== WHAT THE TASK REQUIRES ==
With pictures left out, output exactly the lines of the listing below from the line that has "Disque de frein HELLA 8DD 355 132-611" to the line that has "ChiaoGoo TWIST Mini Interchangeable Set", both lines kept.

== DATA FOR THIS TASK ==
☆ ☆ ☆ ☆

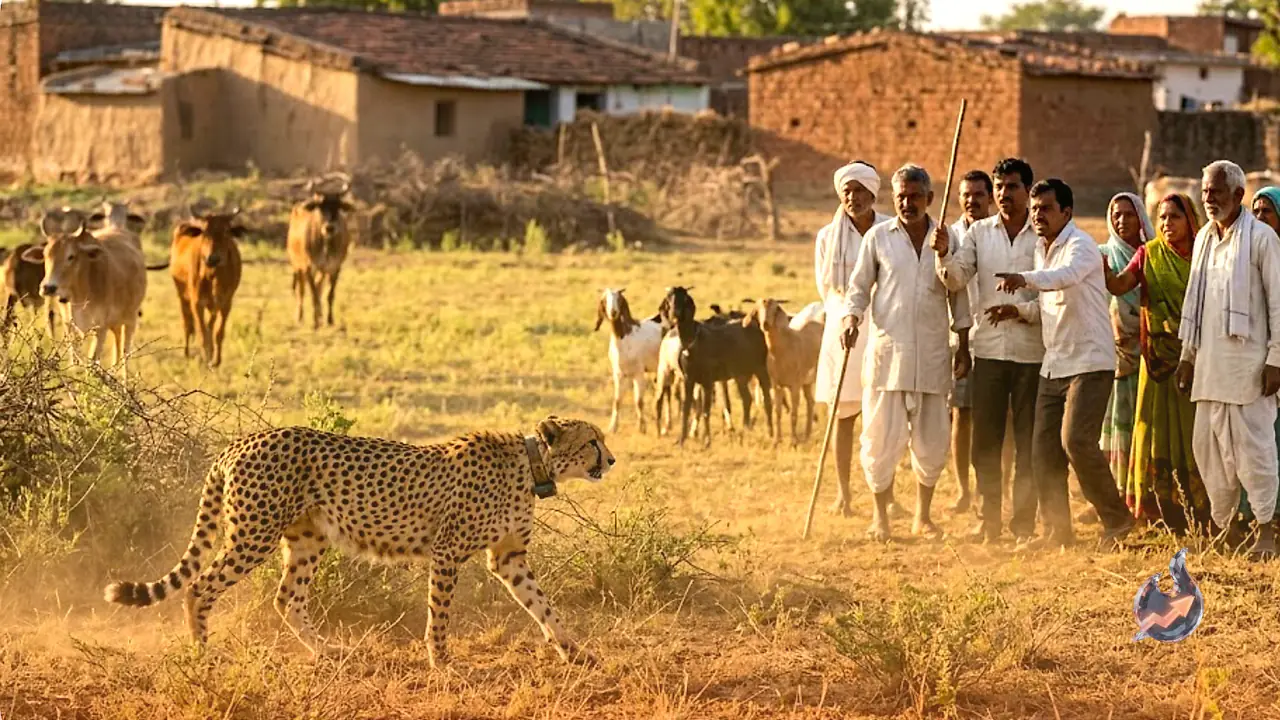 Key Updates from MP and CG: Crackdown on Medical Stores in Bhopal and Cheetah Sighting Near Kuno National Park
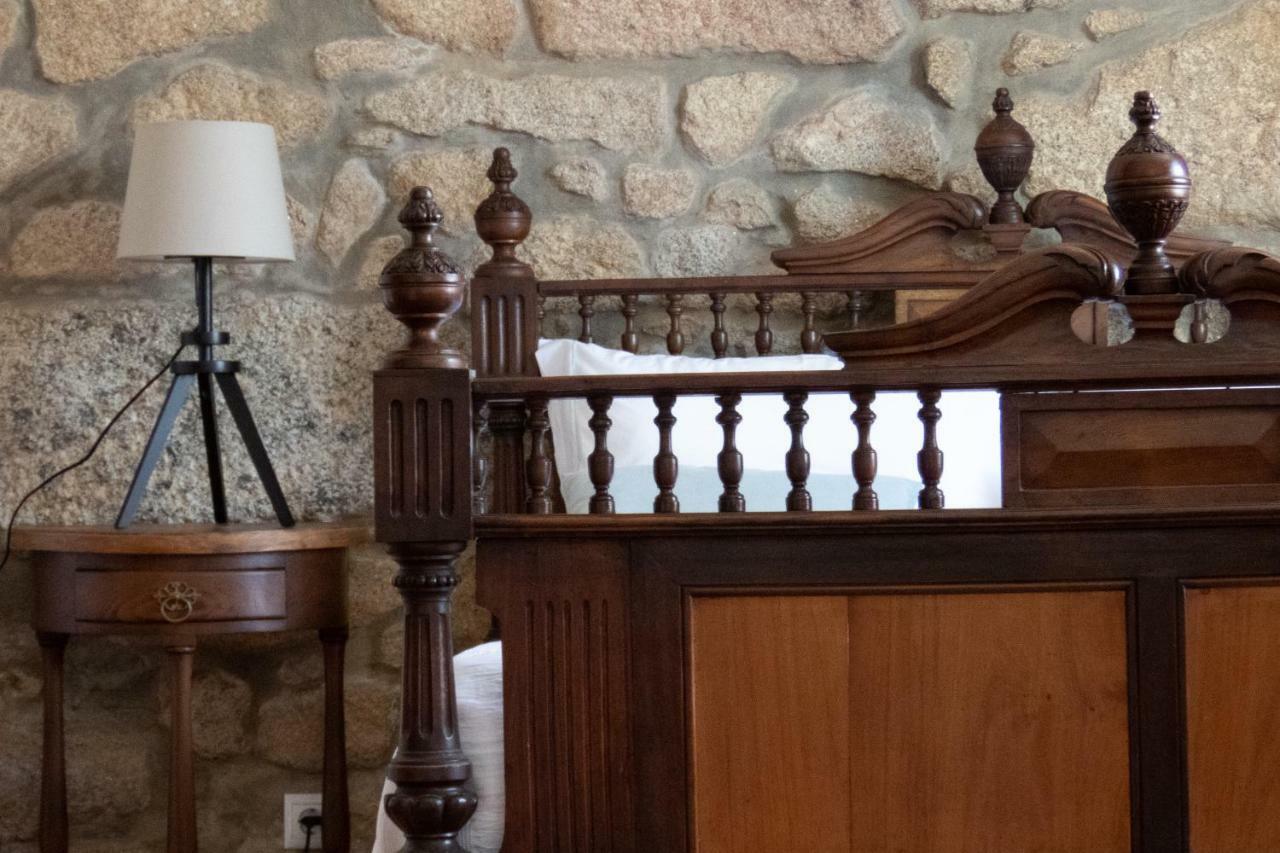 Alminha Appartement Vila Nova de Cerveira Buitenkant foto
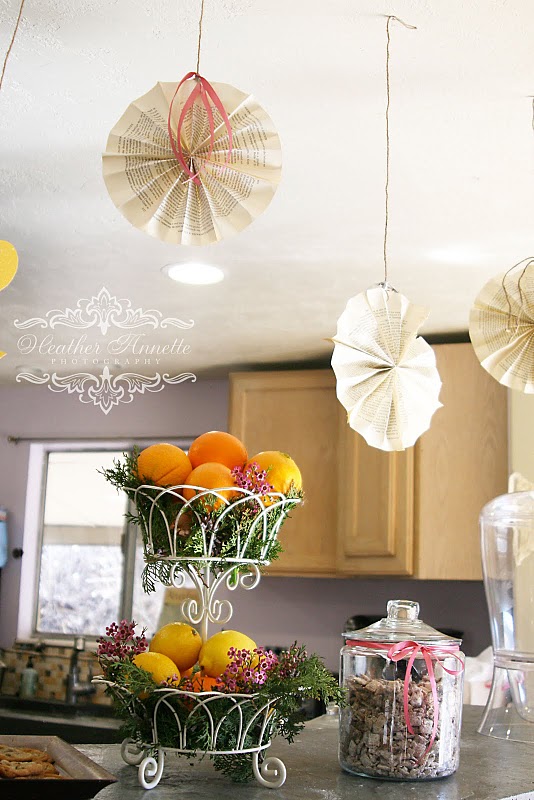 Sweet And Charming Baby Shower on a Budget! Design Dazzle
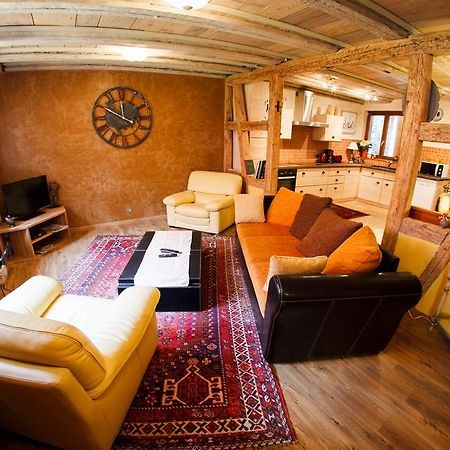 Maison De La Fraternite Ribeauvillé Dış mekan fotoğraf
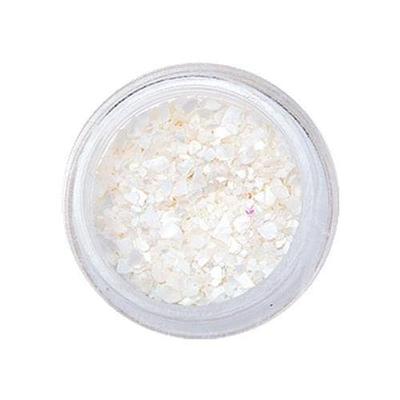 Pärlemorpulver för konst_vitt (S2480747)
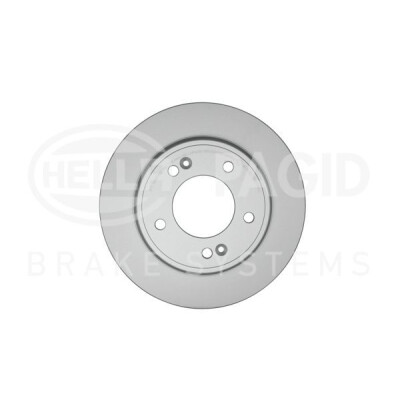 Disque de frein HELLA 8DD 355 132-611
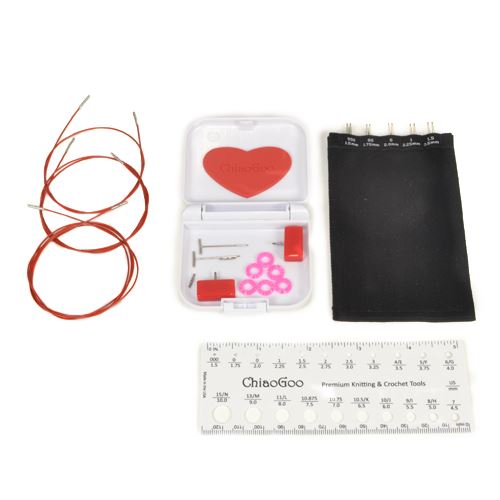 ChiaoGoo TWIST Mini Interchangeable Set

☆ ☆ ☆ ☆

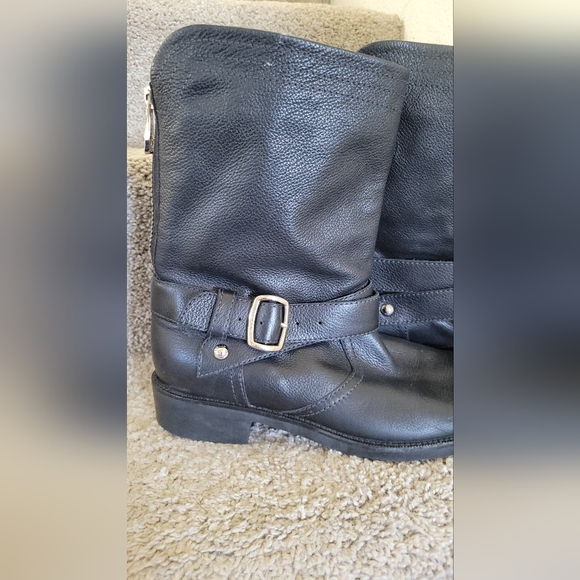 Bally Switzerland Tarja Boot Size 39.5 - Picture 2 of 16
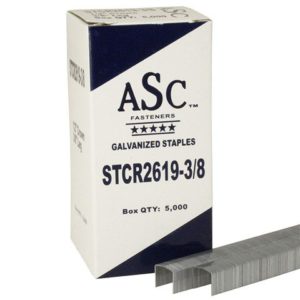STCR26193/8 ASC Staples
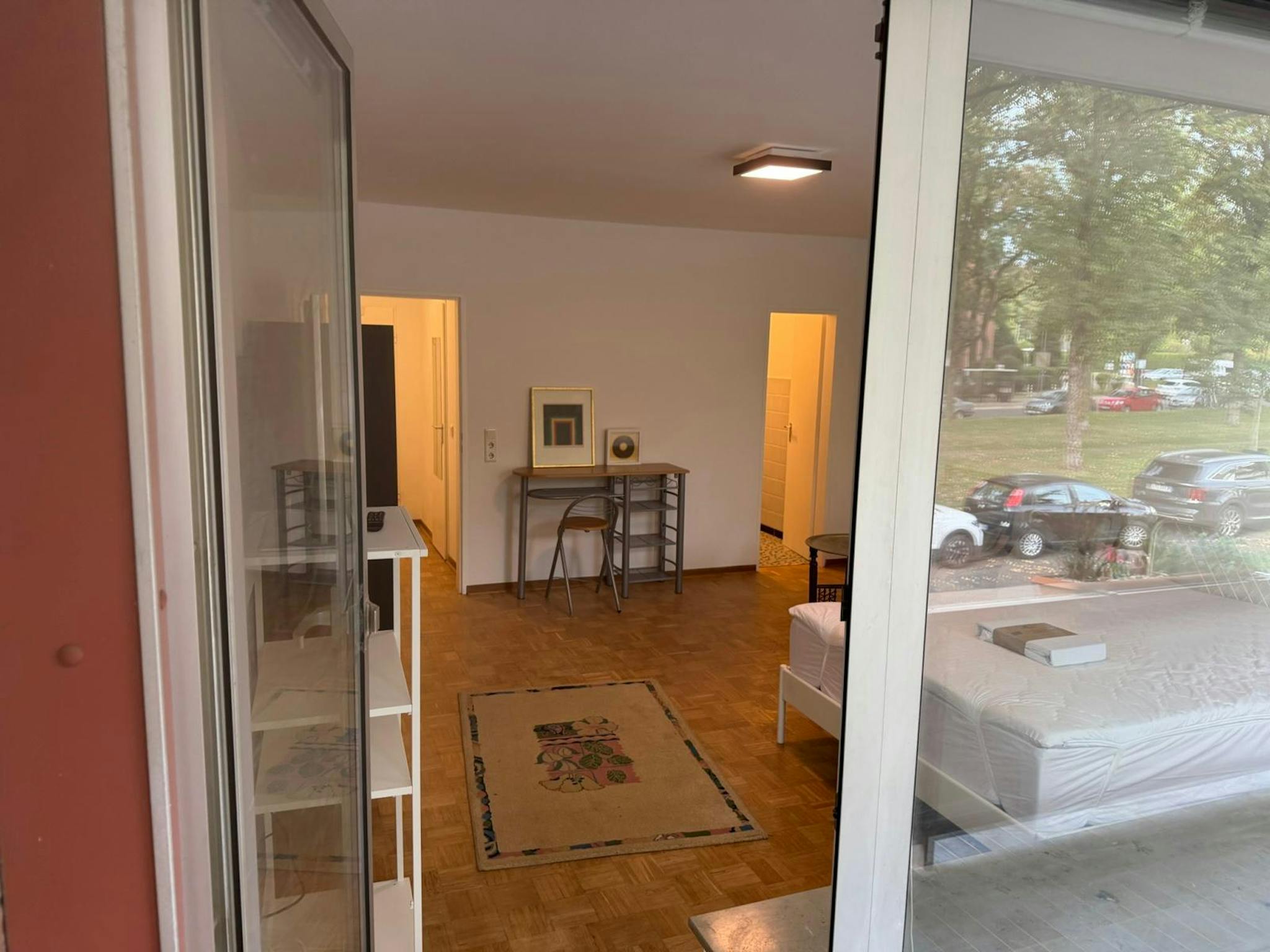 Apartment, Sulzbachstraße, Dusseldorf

☆ ☆ ☆ ☆

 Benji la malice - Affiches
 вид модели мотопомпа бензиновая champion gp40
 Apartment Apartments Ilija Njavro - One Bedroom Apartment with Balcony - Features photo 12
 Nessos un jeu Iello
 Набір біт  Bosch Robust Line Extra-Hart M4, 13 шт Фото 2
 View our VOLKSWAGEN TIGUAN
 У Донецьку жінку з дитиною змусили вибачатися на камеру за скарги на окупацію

☆ ☆ ☆ ☆

== RESPONSE ==
 Disque de frein HELLA 8DD 355 132-611
 ChiaoGoo TWIST Mini Interchangeable Set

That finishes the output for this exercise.